Most vines have vertical growth limits and hydroponic systems may not be adaptable to
climates with extreme heat or cold. Modular living wall systems attempt to grow plants vertically
in small PVC containers. Many modular systems have fundamental problems such as; limited
space to provide for growing medium and root growth, and some modular systems position
plants in unnatural orientations such as perpendicular to sunlight. Initial installations of some
of these modular living wall systems have demonstrated that some of these market-based
modular systems have limited application outdoors in extreme climates and some may not be
economically sustainable (Perini and Rosasco 2013, Dvorak et al. 2014).

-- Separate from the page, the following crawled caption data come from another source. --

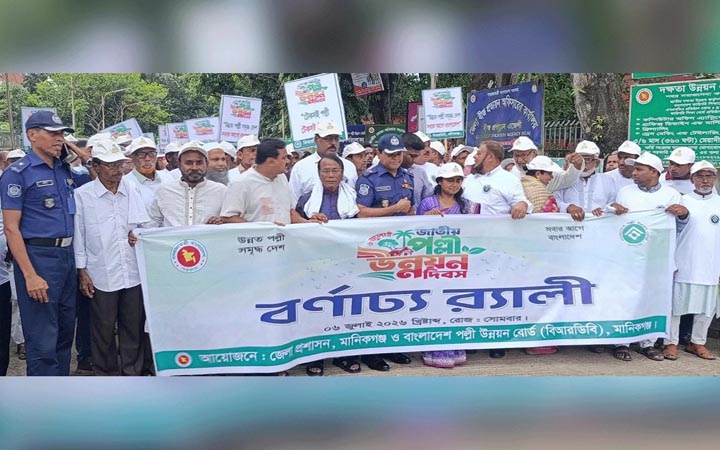 মানিকগঞ্জে জাতীয় পল্লী উন্নয়ন দিবস পালিত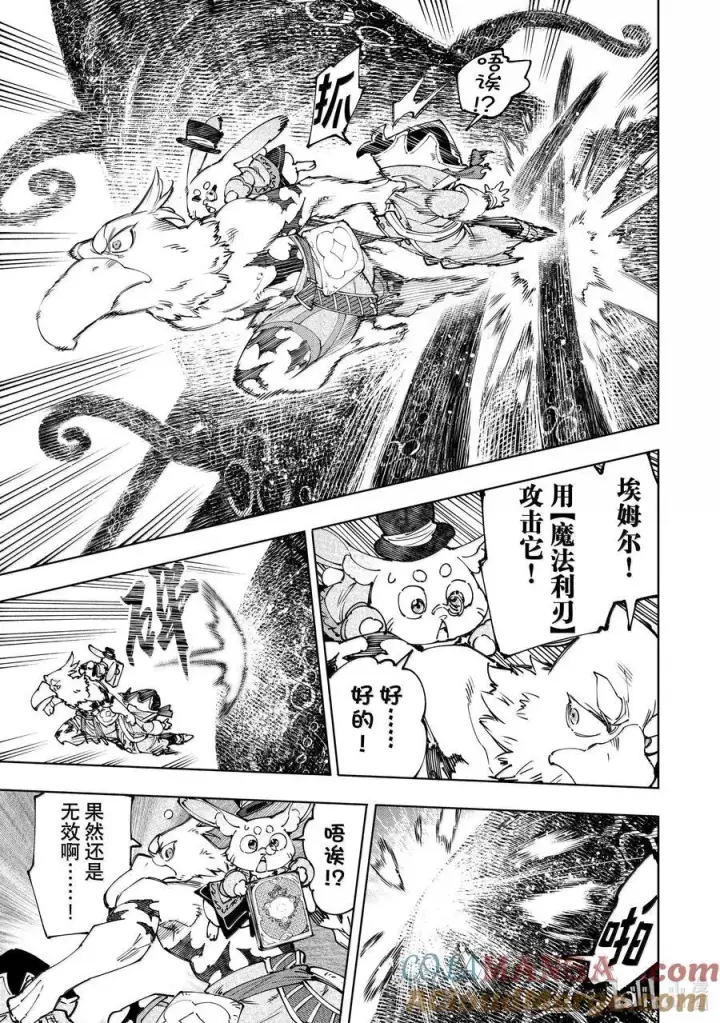漫画《香格里拉·弗陇提亚~屎作猎人向神作发起挑战~》182 齐力弑天（十）第9张图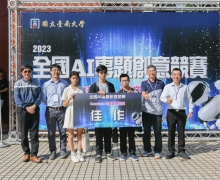 國立台南大學2023活動集錦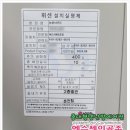 에스제이공조 이미지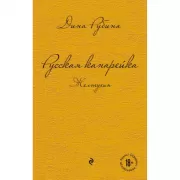 Русская канарейка. Желтухин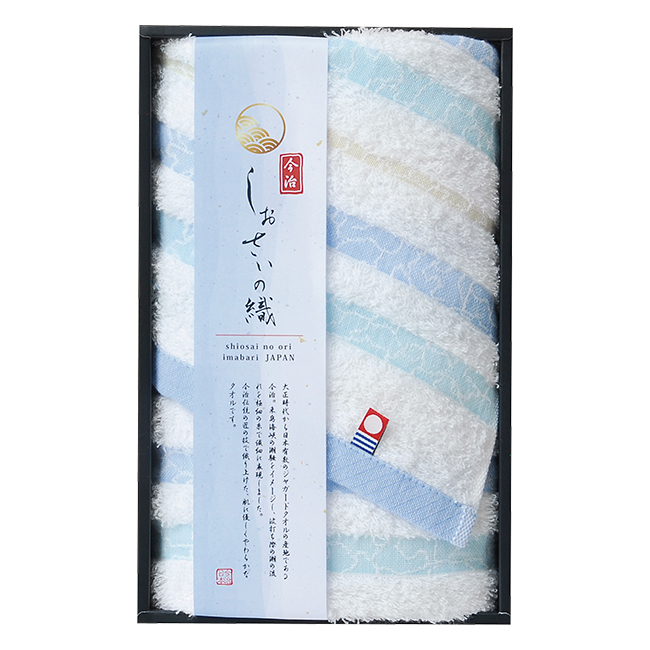 日本名産地　しおさいの織　フェイスタオル　No.10 | 初盆・新盆のお返し 割引き商品 （返：2割）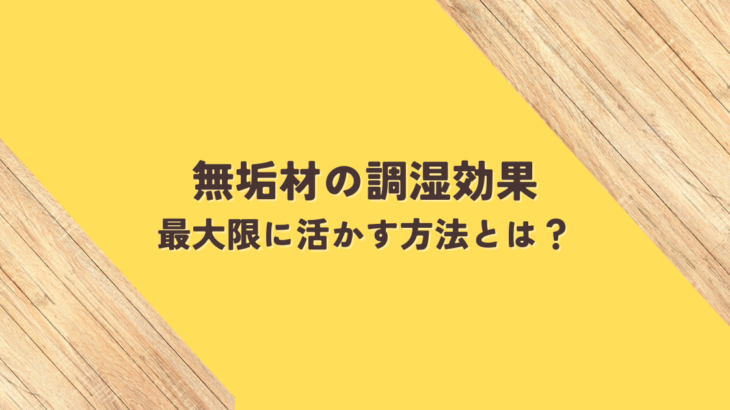 無垢材の調湿効果を最大限に活かす方法とは？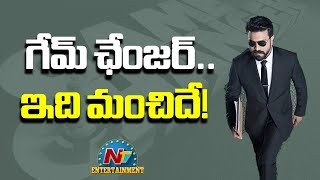 గేమ్ ఛేంజర్.. ఇది మంచిదే !! | Ram Charan | Game Changer | S Shankar | NTV ENT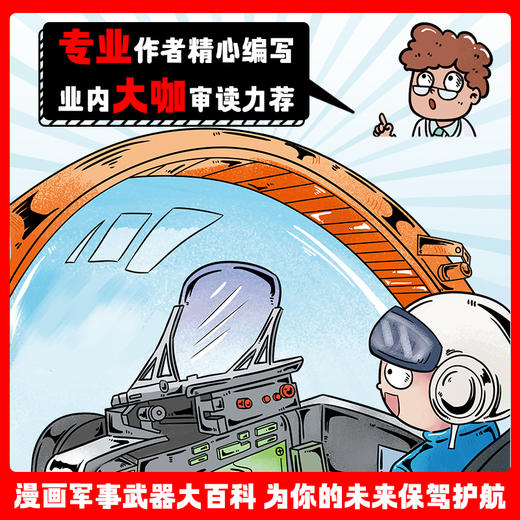 新武器驾到（全8册） 商品图4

Figure 1. Green wall systems include vines with adhesive root systems grown directly on walls (left image)
modular PVC-based systems (middle) and hydroponic systems constructed from fabrics (right). Source:
Authors
This study investigated alternative materials already in the industrial solid waste stream that
were ready for immediate use (Ali 2017). The purpose of this project was to investigate if sheet
metal by-products could be repurposed as a green wall system and provide beneficial
ecosystem services. A secondary purpose was to educate the campus community about
sustainability through adding value-by-design to the industrial by-products thereby reducing
solid waste streams in the production of new materials, energy conservation and reduced
water use for green walls through the use of drought tolerant vegetation.
1.0. METHODS
A mixed methodology including empirical, qualitative, and quantitative methods was used to
investigates the potential for alternative use of fabrication materials and methods for living
walls. The investigators engaged conversations with potential industry partners and secured
agreements with an automotive manufacturer sheet metal by-product. The authors invited a
group of interdisciplinary students to participate in a resource-based design-build process to
develop and fabricate new modules for a custom living wall, secured resources for fabrication,
installed the living wall system and pre-tested the wall for micro-climate characteristics.
1.1. Design and Fabrication
To investigate the potential use of alternative materials and methods, the investigators secured
agreements with a waste stream source in the automotive industry for available sheet metal.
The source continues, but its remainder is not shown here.